Australia’s financial intelligence agency AUSTRAC has set out its regulatory priorities for 2025–26, signalling a pivot to more assertive, risk-driven supervision as it readies to bring tens of thousands of “tranche two” businesses into the anti-money laundering and counter-terrorism financing regime and tightens its focus on cash and digital currencies.
“This year marks a regulatory shift – from regulation that primarily checks for compliance to one focussed on substantive risks and harms,” Mr Thomas said. “AUSTRAC will look at risk and behaviour at an industry and sector level rather than focussing solely on individual entities.”
The regulator said it is scaling up its workforce and technology ahead of major legislative reforms due to start in July next year, with around 80,000 additional businesses expected to come under AUSTRAC’s oversight. The tranche two cohort spans real estate agents, lawyers, conveyancers, accountants, trust and company service providers, dealers in precious metals and stones, and other designated service providers.

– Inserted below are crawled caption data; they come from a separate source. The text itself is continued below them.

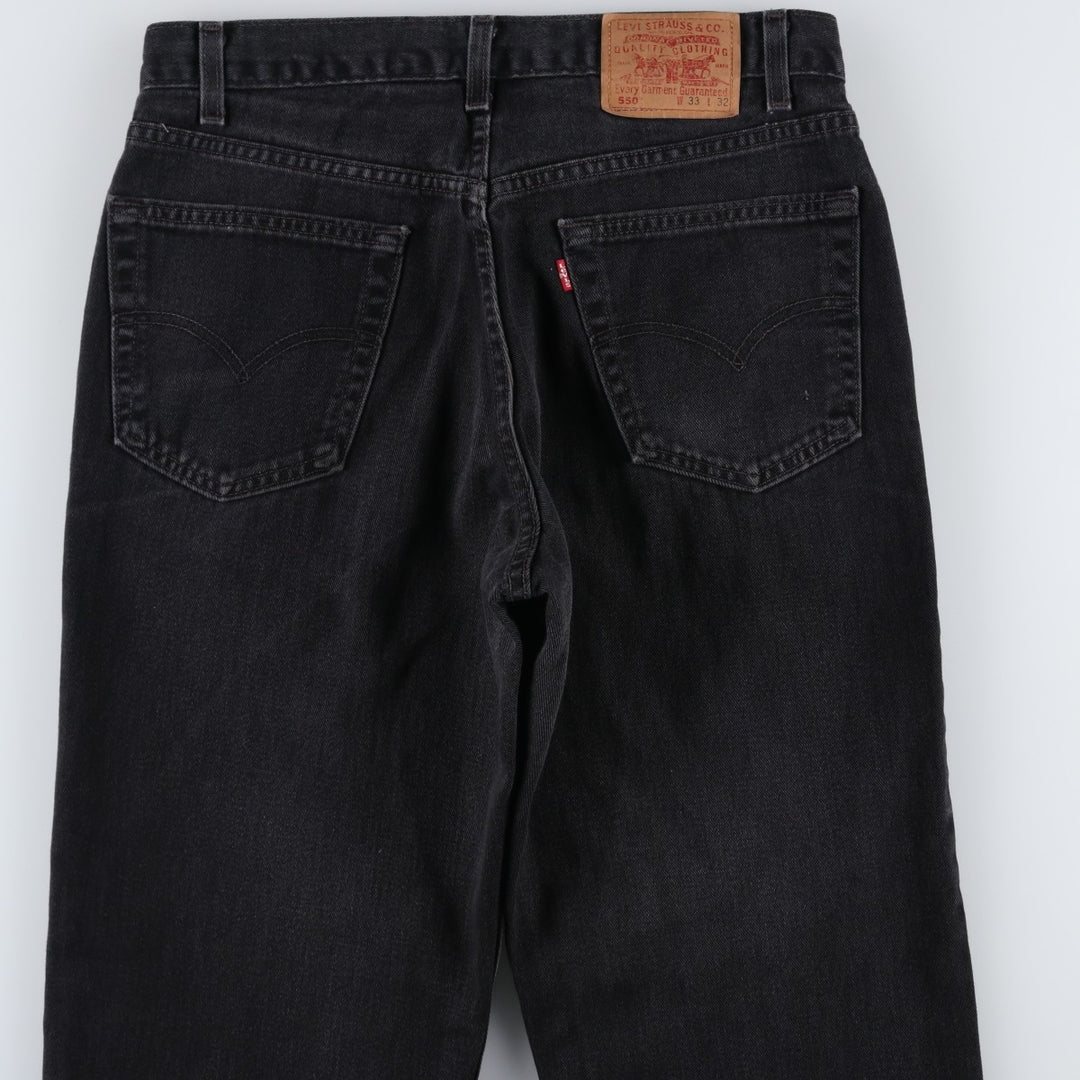 2000'S Levi's 550 Relaxed Fit Tapered Black Denim Pants, Made in the USA, Men's Size W33 cotton black type Vintage Second Hand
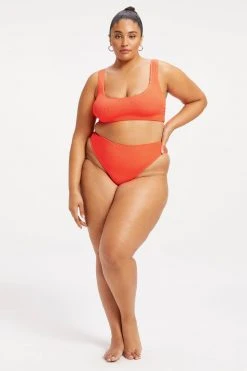 GA-SALE ALWAYS FITS GOOD WAIST CHEEKY | HOT CORAL001 Bikini Bottoms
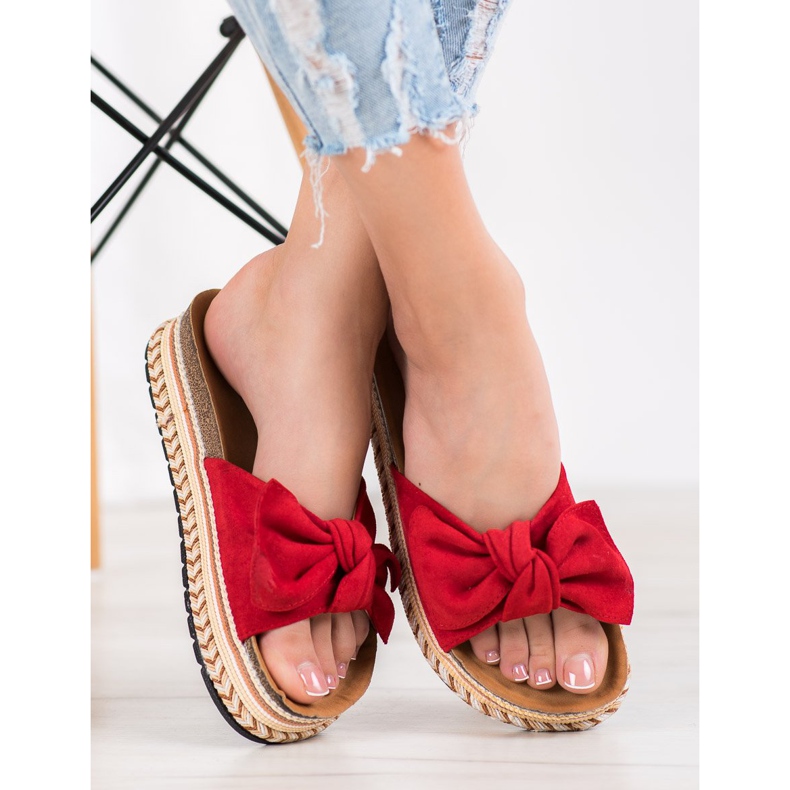 SHELOVET Modne Klapki Na Platformie czerwone 1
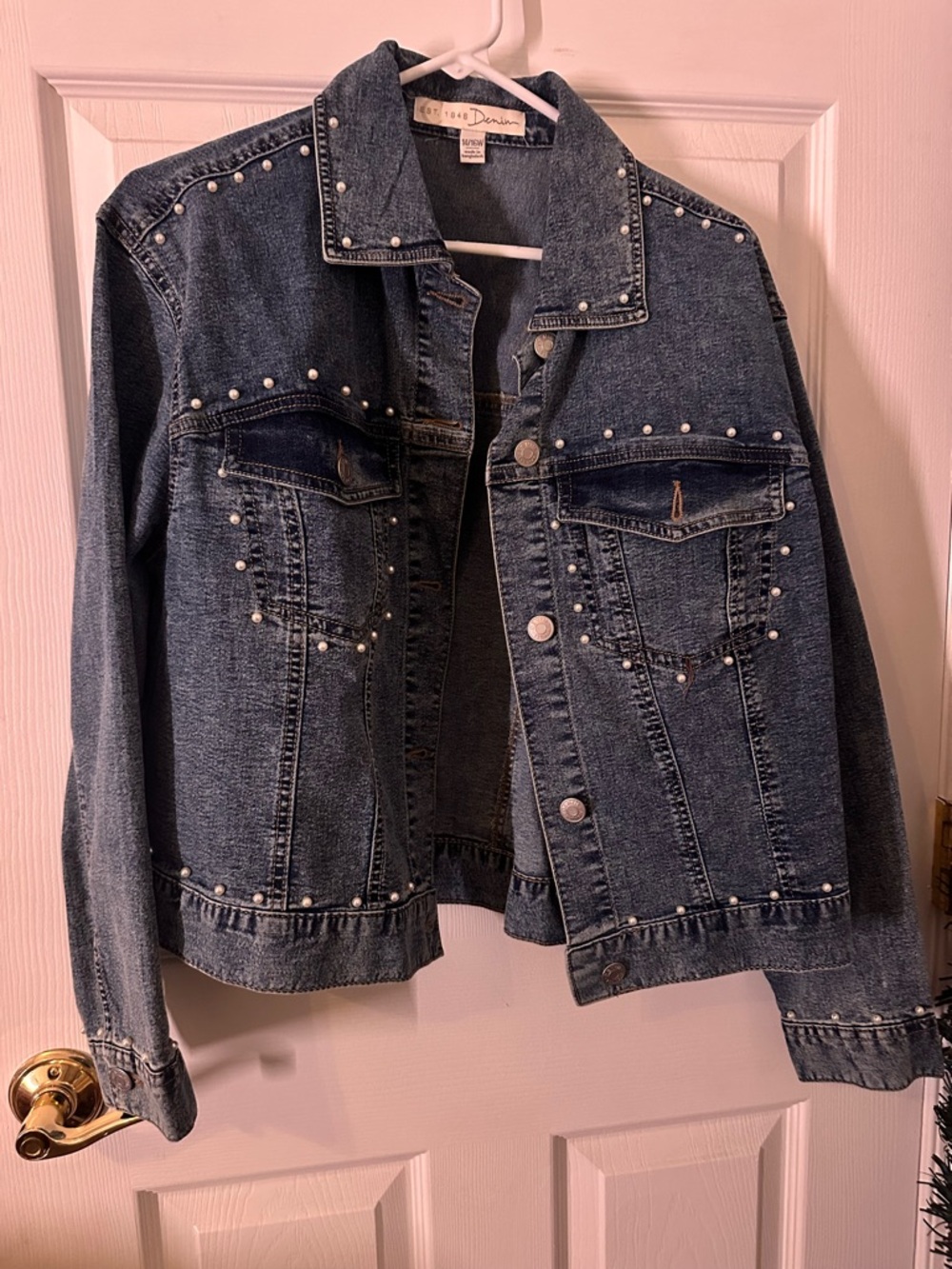 a new day Dark Blue Jean Jacket with Silver Studs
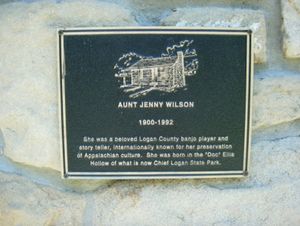 Aunt Jenny Plaque in Chief Logan State Park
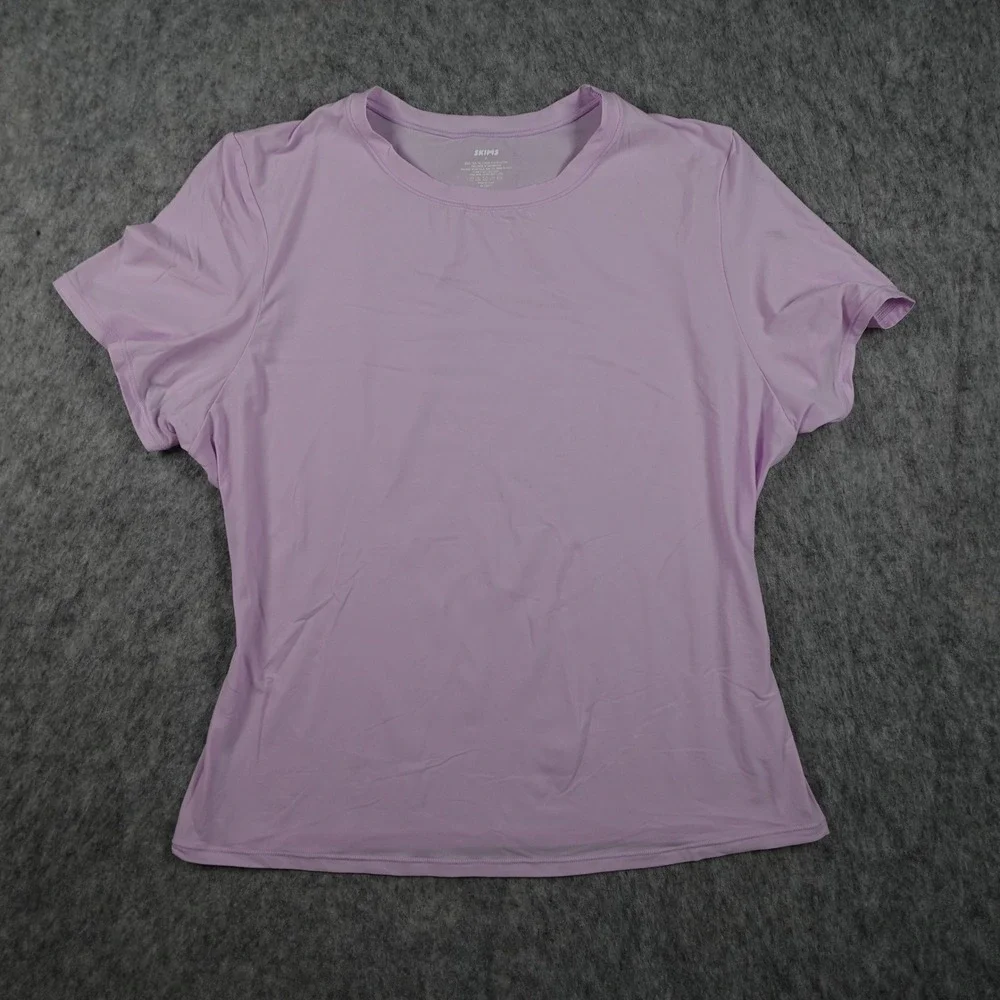 Skims Top Women Extra Large Pink Fits Everybody Short Sleeve Crew Neck Seamless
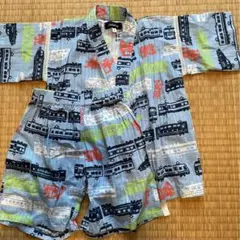 Kladskap 電車柄コットン甚平 サイズS 80〜90cm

AUSTRAC is also enhancing its intelligence capabilities to identify sectors that are not adequately managing risk, and will use those insights to inform both supervision and enforcement. Priority areas include digital currency exchanges and other virtual asset service providers, as well as cash‑intensive industries.
“We are also focussing efforts where the risk of harm is greatest, for example in digital currencies, which allow funds to move across borders quickly, cheaply and virtually anonymously,” Mr Thomas said. “Cash is also highly susceptible to money laundering because it is anonymous, accessible and widely accepted. While the use of cash in Australia is declining, more than $100 billion is still in circulation.
“We see money laundering risks play out in cash intensive businesses as well as through digital currency exchanges and other virtual asset service providers that facilitate instantaneous global transfers.”
Alongside the priorities, AUSTRAC has published a statement of regulatory expectations outlining how it intends to approach both current reporting entities and those preparing to enter the regime. The regulator says it will be more explicit about sector-wide failings and the standards it expects.
The reforms aim to bring Australia closer to global standards set by the Financial Action Task Force after years of calls to extend AML/CTF obligations to designated non-financial businesses and professions. AUSTRAC’s sharpened posture follows a series of high-profile enforcement actions in recent years, including a $700 million penalty against Commonwealth Bank (2018), a $1.3 billion penalty against Westpac (2020) and a $450 million penalty against Crown’s Melbourne and Perth casinos (2023).
“We’re about to embark on the most ambitious overhaul of Australia’s anti-money laundering laws in a generation and we’re determined to get it right,” Mr Thomas said.